The final section of the Food Metrics Report focuses on programs and policies designed to help farmers in the city’s watershed manage their farms sustainably, make the Hunts Point Food Distribution Center resilient to weather events and more energy efficient, increase food waste composting, promote good food jobs through entrepreneurship, and support urban farms and gardens to provide multidimensional health, nutrition, and community benefits, particularly in low-income communities and schools. Data from other city agencies can help advocates and policymakers identify ways to expand food production and make food employment more just. Two different examples are:

  • Lists of city owned vacant land that is suitable for new farms or gardens published by the Department of Citywide Administrative Services pursuant to Local Law 48 of 2011, and by the Department of Parks and Recreation pursuant to Local Law 49 of 2018, can guide communities interested in putting parcels in their neighborhoods to productive use and raise policy questions about the adequacy of city resources to support new farms and gardens, the sufficiency of budgets for programs like the Parks Department’s GreenThumb program, the potential for NGOs to provide such support, and the role of the urban agriculture plan proposed by City Council Int. No. 1058 in expanding urban agriculture.
  • Annual Data published by the NYC Department of Consumer Affairs documents the number of complaints about the city’s paid sick leave law received and resolved. The law, which requires employers with five or more employees to provide paid sick leave and those with fewer than five to provide unpaid sick leave, is particularly important for workers in the food industry, especially low-paid and non-unionized workers like waiters, cooks and delivery people who have not previously had such protections. The law also protects customers of food businesses who might otherwise be exposed to foodborne illnesses if food workers forced by the fear of job or wage loss continued to work while sick. Data on complaints can be helpful to organizations that advocate for and support low-wage workers and may raise questions about whether the relatively low numbers of complaints reflects compliance with the law, limited knowledge about its provisions, or obstacles faced by workers to filing formal complaints.


The annual Food Metrics Reports are useful snapshots to help track various programs and policies that affect the food system. But their format and presentation, shaped in part by the 2011 City Council authorization, may need updating. This article shows that there are many more metrics produced by city agencies that can be used by interested New Yorkers, policymakers, and advocates to monitor important aspects of the food system, lobby for new resources, support effective initiatives, and design and implement complementary programs. The data are often not presented as food metrics and can be hidden in public documents like district needs statements or management reports that are unfamiliar to many.
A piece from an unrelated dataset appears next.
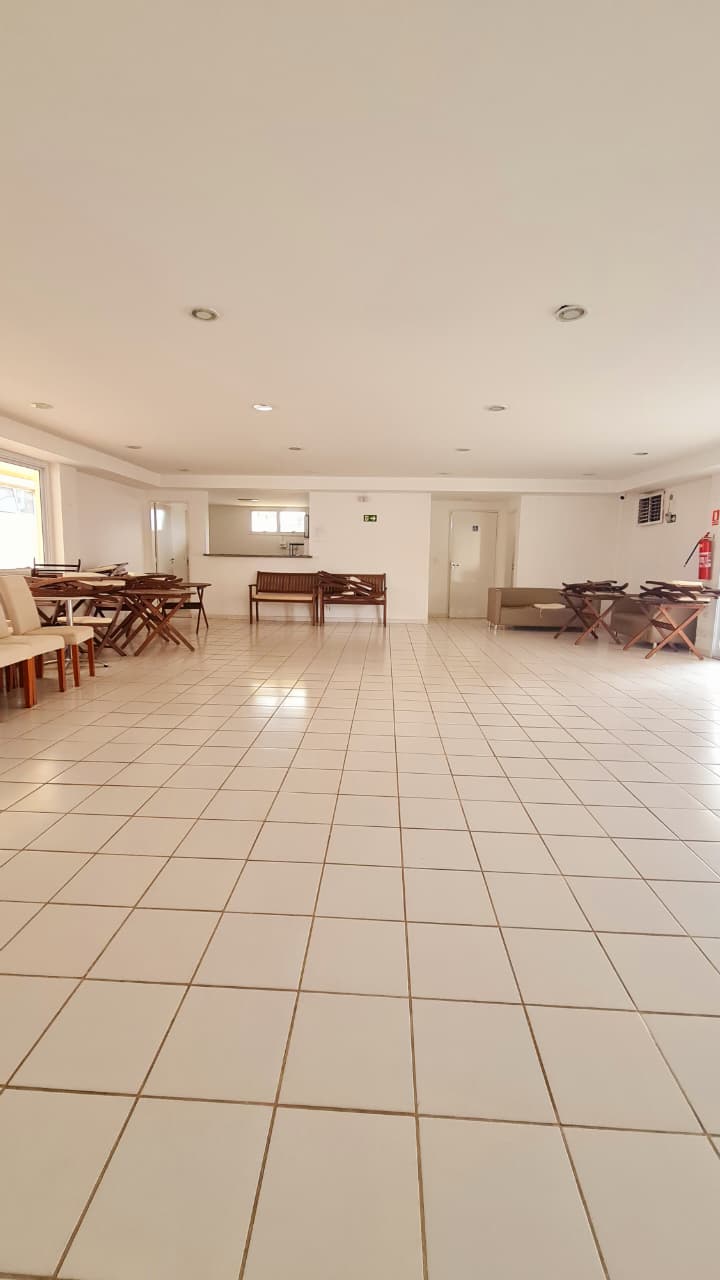 Apartamento - Venda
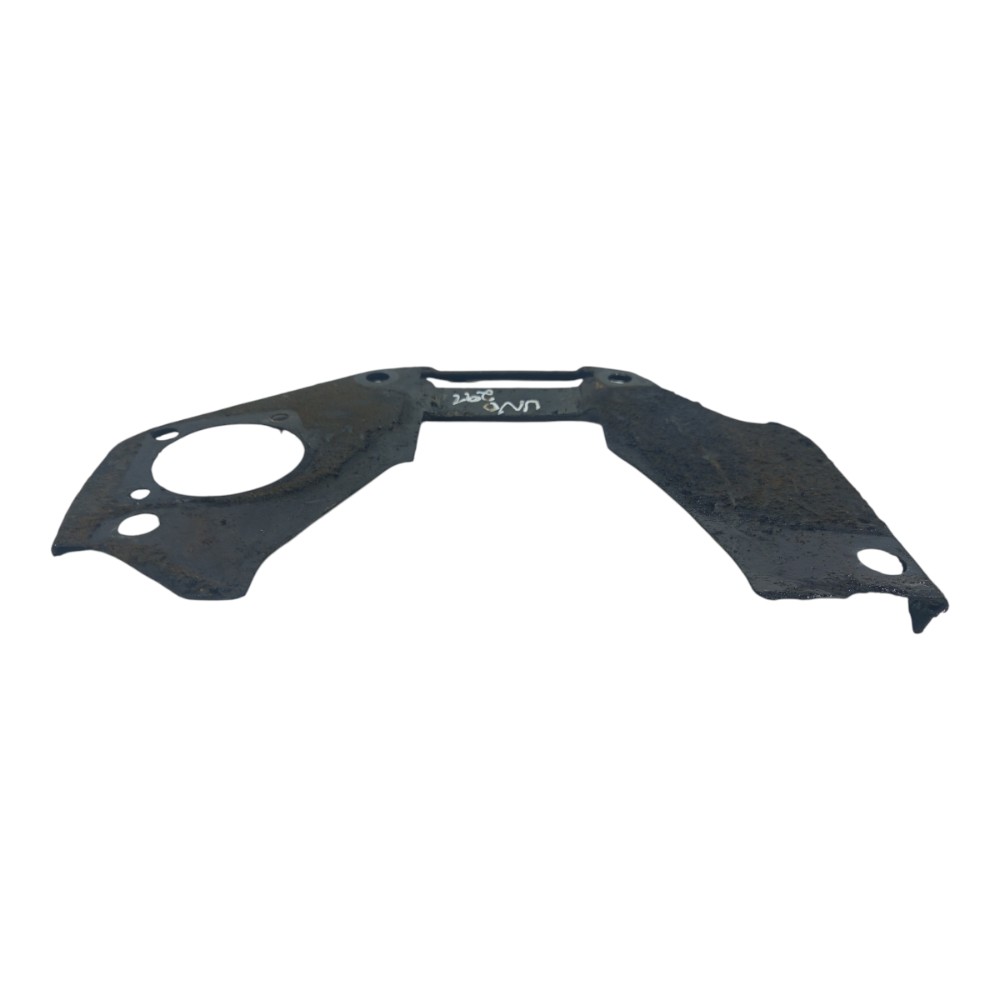Proteção Cremalheira Volante Motor Fiat Uno 1997 A 2001 4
In a report that CUNY Urban Food Policy Institute investigators published last year, we made several recommendations for a New York City Food Metrics 2.0. These include:

  1. Providing denominators as well as numerators for relevant metrics.
  2. Selecting additional indicators, including some suggested here.
  3. Adding other sources of data and creating a unified publicly available data platform.
  4. Involving more constituencies inside and outside city government in the process of developing and assessing the metrics.
  5. Making assessment of progress in achieving a more equitable New York City food system a priority.
  6. Focusing on outcomes as well as implementation
  7. Presenting analyses and frameworks for interpreting changes in metrics as well as describing them

In our earlier report, we provided a rationale and some suggestions for implementing these steps.

By revisiting the content and format of the annual food metrics report, the Mayor’s Office and the City Council can make a useful report even more helpful for policy makers, advocates and New York City eaters who want to improve the city’s food system.